Bistronomie. Mit einem jungen Team. Die beiden Jung-Gastronomen haben viel vor, das neue Restaurant mit Namen «Repas» soll nicht eine Kopie des «Aux Trois Amis» werden. Ihre Idee: Bistronomie. Ein französischer Begriff, der die Worte Bistro und Gastronomie verbindet. Konkret: Sie wollen gehobenes Essen mit der legeren Atmosphäre eines Bistros verbinden, die Klassiker der Bistro-Küche mit einem Twist versehen. Engel denkt beispielsweise an Seezunge mit Yuzu-Hollandaise und Kalbskopf. Mittags soll ein wöchentlich wechselnder drei- bis fünfgängiger Business-Lunch angeboten werden, am Abend ist à-la-Carte-Service vorgesehen und samstags ein Brunch. Sie haben sich für ihr Konzept von den besten Betrieben in Paris inspirieren lassen. Der Macher im «Repas»: Corentin Rérat, der langjährige Sous-Chef im «Aux Trois Amis». Der 29-jährige Jurassier sei «ein exzellenter Fachmann, der meine Küche und meine Qualitätsansprüche genau kennt», erklärt Engel. Mit Sabine Nussbaumer übernimmt die ehemalige Stellvertreterin des «Entrecôte»-Wirtepaares den Posten der Chef de Service. 

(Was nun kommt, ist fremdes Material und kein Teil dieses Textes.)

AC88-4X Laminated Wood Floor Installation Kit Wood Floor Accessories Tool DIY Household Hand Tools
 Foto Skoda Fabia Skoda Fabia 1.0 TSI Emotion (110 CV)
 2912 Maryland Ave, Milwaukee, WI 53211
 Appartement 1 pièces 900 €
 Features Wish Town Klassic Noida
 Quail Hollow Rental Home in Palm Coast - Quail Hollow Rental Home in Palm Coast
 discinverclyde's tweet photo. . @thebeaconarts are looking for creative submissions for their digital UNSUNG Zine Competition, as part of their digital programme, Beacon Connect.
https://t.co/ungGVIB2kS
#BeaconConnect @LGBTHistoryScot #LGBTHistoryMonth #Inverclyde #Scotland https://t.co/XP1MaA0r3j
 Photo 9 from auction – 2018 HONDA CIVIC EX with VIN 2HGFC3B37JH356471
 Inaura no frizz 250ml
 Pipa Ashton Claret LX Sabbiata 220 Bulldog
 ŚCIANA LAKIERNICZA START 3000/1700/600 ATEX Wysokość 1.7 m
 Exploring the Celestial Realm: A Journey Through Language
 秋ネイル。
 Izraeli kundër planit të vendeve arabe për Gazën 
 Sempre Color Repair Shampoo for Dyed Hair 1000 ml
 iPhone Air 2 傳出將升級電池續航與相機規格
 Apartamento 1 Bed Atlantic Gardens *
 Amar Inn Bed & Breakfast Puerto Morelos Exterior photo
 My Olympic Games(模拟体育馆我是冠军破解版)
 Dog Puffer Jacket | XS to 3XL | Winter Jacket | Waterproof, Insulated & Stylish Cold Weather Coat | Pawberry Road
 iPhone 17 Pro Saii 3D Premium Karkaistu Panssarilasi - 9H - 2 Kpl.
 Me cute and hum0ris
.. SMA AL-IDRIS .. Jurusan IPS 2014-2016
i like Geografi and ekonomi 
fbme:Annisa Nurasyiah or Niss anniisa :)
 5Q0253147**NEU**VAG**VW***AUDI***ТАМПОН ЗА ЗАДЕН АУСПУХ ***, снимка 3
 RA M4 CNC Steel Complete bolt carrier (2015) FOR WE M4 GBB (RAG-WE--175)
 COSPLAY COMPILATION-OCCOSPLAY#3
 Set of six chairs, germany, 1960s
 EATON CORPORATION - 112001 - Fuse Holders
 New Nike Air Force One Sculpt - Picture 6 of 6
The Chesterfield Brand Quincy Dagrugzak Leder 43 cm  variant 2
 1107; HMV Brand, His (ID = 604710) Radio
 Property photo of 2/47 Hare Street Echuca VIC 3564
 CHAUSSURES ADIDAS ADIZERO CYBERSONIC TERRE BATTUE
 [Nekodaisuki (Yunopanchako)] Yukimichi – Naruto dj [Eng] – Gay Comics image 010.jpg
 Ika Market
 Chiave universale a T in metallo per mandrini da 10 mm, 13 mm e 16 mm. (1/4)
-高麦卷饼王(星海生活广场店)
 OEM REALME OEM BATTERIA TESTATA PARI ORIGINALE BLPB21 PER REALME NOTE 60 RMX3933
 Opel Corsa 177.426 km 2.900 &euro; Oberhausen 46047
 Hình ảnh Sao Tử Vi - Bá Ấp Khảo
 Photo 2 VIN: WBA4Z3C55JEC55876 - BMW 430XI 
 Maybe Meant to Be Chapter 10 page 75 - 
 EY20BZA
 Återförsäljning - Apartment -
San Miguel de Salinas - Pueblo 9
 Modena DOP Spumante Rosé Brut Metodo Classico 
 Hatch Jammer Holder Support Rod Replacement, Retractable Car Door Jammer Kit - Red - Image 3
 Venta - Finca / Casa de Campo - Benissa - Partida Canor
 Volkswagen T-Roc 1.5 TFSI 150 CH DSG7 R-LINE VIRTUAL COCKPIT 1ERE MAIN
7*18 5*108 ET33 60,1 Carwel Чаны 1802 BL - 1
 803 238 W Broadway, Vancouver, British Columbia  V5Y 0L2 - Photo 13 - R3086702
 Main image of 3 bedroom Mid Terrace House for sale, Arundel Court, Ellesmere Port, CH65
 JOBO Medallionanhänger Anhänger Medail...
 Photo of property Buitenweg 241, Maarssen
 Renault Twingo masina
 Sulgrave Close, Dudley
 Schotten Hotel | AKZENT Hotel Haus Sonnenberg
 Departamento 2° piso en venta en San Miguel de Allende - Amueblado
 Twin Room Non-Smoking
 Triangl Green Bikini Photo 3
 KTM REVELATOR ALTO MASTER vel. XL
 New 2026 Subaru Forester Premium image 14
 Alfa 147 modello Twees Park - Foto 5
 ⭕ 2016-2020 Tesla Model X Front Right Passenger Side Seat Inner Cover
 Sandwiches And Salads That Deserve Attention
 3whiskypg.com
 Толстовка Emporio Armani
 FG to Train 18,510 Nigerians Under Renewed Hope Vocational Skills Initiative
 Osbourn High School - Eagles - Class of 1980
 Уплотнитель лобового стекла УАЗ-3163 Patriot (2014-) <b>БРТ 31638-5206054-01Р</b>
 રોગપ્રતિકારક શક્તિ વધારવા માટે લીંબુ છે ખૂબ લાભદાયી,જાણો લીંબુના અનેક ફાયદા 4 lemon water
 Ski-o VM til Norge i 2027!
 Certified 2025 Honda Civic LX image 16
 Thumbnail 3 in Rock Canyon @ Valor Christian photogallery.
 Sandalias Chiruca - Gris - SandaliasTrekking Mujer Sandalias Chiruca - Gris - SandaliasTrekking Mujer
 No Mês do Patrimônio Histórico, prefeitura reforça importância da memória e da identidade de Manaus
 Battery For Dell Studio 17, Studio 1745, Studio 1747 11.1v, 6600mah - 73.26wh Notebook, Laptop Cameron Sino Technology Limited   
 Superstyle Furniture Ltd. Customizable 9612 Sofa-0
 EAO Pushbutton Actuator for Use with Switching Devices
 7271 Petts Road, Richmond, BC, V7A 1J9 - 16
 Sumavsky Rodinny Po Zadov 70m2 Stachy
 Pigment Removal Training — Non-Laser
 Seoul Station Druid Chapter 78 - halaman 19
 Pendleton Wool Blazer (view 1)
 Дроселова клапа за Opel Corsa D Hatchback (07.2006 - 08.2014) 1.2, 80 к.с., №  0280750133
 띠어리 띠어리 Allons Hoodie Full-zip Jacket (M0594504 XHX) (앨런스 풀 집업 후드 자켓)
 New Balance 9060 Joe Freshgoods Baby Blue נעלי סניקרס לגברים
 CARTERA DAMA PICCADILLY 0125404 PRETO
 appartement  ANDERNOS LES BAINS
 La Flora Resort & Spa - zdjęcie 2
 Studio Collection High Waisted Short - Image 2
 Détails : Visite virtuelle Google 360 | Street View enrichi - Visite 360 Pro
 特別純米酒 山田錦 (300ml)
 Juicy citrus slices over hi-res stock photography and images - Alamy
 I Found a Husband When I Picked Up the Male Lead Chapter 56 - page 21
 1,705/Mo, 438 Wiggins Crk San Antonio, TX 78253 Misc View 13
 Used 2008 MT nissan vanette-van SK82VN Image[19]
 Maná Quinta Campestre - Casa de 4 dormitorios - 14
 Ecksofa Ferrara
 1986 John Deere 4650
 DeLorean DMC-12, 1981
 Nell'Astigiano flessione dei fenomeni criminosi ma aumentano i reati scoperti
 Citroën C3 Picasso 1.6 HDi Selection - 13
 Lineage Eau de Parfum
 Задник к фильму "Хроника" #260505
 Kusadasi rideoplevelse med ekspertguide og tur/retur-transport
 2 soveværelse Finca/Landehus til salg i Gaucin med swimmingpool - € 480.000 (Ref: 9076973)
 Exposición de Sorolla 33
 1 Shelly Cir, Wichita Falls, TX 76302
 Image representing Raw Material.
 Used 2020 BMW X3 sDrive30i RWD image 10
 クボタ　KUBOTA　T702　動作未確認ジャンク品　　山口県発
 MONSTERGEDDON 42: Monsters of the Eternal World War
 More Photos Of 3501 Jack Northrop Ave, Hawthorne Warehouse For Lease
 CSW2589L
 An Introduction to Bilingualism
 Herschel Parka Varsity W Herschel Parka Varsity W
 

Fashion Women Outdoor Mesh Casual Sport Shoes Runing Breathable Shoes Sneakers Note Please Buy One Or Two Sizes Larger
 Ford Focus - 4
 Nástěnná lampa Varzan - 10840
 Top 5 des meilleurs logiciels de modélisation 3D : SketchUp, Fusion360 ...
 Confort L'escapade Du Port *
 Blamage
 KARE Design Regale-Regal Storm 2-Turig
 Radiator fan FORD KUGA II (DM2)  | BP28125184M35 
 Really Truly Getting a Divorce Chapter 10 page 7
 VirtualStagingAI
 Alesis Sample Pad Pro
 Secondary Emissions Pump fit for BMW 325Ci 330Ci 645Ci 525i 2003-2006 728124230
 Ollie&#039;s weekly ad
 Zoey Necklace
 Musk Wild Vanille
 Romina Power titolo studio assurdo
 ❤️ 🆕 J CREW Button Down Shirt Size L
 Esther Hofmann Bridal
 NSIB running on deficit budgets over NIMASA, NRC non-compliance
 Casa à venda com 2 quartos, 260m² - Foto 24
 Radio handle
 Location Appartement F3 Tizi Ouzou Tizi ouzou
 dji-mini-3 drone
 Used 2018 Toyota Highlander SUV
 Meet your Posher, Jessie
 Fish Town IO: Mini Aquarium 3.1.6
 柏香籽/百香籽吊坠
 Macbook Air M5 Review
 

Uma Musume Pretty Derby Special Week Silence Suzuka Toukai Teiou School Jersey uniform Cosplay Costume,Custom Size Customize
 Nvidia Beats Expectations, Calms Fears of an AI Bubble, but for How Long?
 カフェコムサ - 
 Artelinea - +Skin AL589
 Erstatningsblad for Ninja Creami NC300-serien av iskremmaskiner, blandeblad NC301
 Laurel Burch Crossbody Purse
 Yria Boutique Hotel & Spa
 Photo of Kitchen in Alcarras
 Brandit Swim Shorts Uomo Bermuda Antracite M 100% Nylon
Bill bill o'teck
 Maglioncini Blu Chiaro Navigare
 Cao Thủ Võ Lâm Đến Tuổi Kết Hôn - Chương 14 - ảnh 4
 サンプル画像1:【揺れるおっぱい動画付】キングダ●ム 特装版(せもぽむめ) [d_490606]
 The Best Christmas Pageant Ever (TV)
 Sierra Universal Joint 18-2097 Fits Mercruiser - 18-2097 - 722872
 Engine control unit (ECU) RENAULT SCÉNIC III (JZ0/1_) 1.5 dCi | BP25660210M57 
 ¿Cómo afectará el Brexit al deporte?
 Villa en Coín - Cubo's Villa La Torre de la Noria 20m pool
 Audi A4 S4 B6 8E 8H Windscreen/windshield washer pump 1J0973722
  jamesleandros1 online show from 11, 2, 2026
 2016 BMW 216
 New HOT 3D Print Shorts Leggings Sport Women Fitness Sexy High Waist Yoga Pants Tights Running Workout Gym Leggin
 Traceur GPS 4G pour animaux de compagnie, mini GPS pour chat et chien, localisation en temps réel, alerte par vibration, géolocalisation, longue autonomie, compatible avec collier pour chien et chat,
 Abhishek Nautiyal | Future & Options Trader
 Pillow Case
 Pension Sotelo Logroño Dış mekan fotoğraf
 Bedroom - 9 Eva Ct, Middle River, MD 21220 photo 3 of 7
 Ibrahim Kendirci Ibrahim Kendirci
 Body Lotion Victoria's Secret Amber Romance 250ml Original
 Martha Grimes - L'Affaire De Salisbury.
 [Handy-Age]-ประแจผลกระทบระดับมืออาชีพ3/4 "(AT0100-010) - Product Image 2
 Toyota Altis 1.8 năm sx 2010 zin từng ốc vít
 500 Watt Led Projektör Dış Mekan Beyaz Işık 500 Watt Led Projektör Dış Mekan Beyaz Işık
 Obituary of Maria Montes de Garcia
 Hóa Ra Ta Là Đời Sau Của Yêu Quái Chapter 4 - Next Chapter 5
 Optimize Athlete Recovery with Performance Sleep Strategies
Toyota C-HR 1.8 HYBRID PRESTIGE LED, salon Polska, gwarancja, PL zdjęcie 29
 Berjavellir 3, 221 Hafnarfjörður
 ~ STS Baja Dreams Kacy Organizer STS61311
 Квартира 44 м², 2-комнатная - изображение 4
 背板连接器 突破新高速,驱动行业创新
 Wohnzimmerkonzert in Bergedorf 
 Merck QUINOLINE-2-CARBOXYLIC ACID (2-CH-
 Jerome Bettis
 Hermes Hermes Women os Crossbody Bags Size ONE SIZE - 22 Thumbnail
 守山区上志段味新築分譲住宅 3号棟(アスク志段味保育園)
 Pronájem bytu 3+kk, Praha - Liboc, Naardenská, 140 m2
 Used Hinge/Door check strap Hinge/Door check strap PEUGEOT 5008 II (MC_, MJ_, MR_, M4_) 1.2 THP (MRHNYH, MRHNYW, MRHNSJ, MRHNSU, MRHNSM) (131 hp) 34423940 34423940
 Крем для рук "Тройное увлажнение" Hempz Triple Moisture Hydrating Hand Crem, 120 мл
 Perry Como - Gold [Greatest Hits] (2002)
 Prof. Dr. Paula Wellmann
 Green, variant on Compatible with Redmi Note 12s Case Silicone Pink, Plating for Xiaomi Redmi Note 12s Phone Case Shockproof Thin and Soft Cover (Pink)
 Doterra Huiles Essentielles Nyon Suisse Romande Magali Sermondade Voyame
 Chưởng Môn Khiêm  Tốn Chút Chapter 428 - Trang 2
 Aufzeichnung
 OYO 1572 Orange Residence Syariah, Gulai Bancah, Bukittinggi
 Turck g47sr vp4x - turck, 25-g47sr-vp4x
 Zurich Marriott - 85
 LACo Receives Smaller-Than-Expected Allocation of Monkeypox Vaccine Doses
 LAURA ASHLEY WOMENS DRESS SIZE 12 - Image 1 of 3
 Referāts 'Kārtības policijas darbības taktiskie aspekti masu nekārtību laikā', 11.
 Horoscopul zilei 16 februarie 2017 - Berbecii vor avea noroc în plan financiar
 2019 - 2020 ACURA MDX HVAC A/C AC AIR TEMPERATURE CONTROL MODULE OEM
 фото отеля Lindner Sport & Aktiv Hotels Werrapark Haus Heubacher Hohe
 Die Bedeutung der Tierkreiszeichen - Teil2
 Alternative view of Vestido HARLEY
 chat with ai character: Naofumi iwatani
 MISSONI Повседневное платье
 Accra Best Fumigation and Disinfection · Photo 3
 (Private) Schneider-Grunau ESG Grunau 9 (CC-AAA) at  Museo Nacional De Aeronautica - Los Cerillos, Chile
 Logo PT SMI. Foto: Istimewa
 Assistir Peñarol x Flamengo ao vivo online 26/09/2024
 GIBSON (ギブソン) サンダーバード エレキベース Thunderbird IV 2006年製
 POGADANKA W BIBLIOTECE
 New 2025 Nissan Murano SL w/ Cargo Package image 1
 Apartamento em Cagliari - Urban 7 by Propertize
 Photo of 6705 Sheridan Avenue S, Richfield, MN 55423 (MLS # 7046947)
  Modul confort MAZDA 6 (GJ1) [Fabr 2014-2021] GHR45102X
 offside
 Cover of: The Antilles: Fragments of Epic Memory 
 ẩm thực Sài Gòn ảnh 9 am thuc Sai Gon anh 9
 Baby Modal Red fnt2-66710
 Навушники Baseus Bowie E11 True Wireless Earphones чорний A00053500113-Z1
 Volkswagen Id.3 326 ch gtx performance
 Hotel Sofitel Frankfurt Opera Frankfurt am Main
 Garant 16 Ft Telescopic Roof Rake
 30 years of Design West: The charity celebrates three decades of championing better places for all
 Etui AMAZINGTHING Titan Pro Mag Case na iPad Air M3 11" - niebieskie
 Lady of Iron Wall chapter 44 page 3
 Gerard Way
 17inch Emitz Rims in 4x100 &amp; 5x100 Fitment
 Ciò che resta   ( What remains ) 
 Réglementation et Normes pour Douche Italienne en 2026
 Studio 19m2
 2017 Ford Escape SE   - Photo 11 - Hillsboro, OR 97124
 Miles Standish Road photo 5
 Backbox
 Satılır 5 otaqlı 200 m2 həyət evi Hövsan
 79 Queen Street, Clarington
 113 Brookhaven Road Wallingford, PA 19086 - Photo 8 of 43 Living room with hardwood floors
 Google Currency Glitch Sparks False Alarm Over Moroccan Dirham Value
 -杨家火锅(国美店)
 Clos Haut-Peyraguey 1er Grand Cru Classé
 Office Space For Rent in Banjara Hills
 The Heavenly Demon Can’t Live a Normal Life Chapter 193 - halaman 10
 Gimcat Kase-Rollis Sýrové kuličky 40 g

Die «Bisherigen» sind in Form. Mit dem «Maruzzella», dem «Palace» (beide 14 Punkte) und dem «Café Perroquet Vert» (13 Punkte) hatte die Stadt Biel schon bisher drei Adressen im GaultMillau. Brasserie-Stil ist angesagt. Im «Maruzzella» sind Isabel Johner und Chef Wilfried Köster die Gastgeber. Im «Palace» hat Daniel Lauper zusammen mit Chef Daniel Odermatt die Erfolgsformel gefunden. Das «Perroquet Vert» bringt ein Stück Paris nach Biel: Schwarz gekleidete Garçons, Tagesangebot auf der Schiefertafel. Die Bieler haben eine intakte Beizenlandschaft zu haben. Das ist Lebensqualität!